**Your instructions**.
Please give the whole listing again exactly, without any of its pictures.

**Dataset extract**.
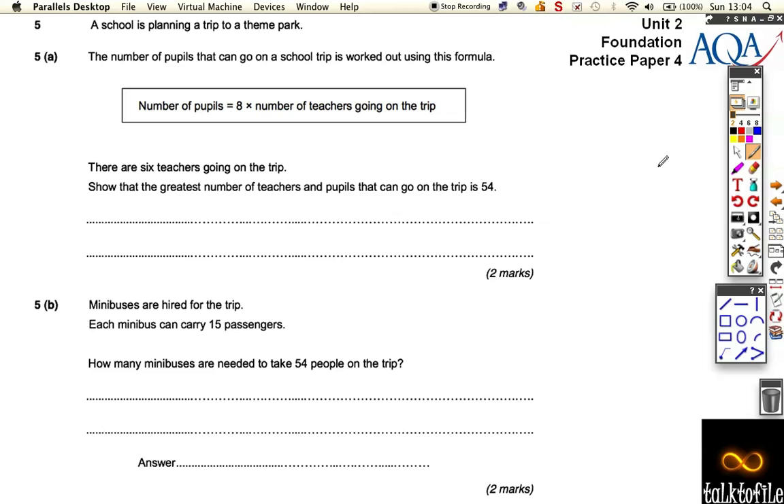Right, so here we've got question five — there's a part C over the page which we'll move on to in a sec. It says the number of people that go on the school trip is worked out as eight times the number of teachers. Well, there are six teachers going on this trip, so the greatest number of teachers and pupils that can go on this trip is...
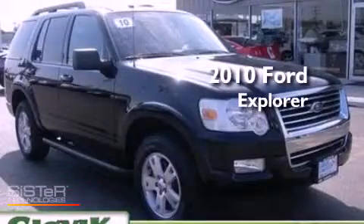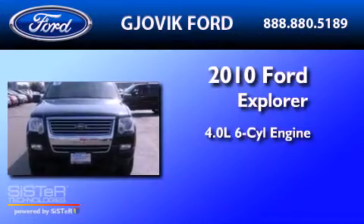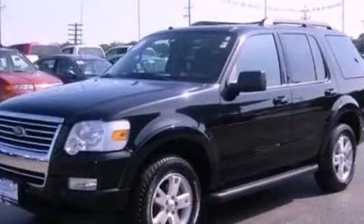This is a 2010 Ford Explorer. It has a 4.0-liter six-cylinder engine, a five-speed automatic transmission, and four-wheel drive.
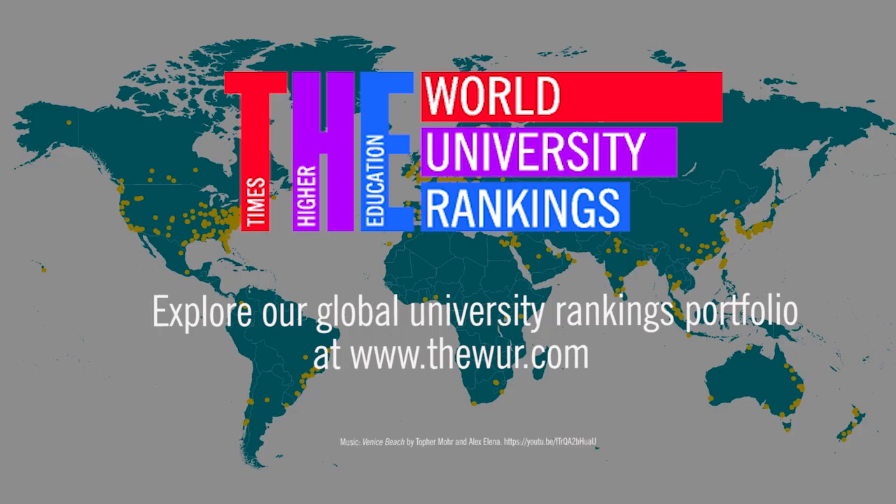Knowledge transfer is a unique feature. We look at a university's interaction with industry — how successful is it in attracting income from business and industry? And that's our quick summary of the rankings, but you can find out much more online at www.thewur.com.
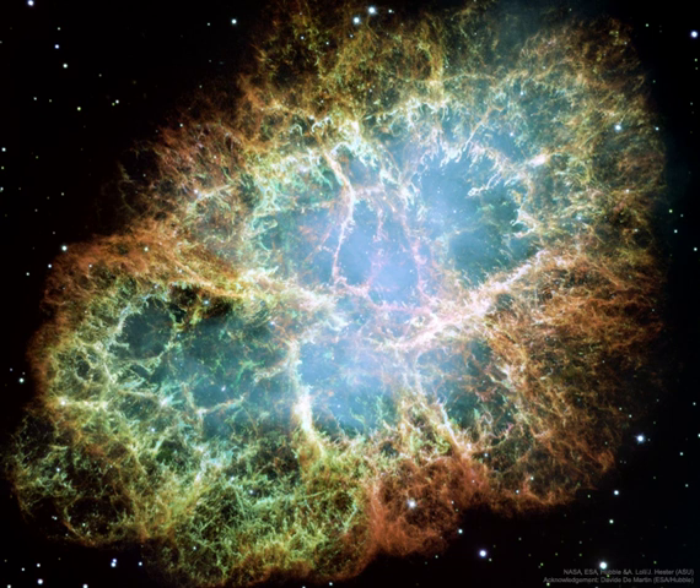In the nebula's very center lies a pulsar, a neutron star as massive as the Sun but with only the size of a small town. The Crab Pulsar rotates about 30 times each second.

**Expected output**.
Right, so here we've got question five — there's a part C over the page which we'll move on to in a sec. It says the number of people that go on the school trip is worked out as eight times the number of teachers. Well, there are six teachers going on this trip, so the greatest number of teachers and pupils that can go on this trip is...
This is a 2010 Ford Explorer. It has a 4.0-liter six-cylinder engine, a five-speed automatic transmission, and four-wheel drive.
Knowledge transfer is a unique feature. We look at a university's interaction with industry — how successful is it in attracting income from business and industry? And that's our quick summary of the rankings, but you can find out much more online at www.thewur.com.
In the nebula's very center lies a pulsar, a neutron star as massive as the Sun but with only the size of a small town. The Crab Pulsar rotates about 30 times each second.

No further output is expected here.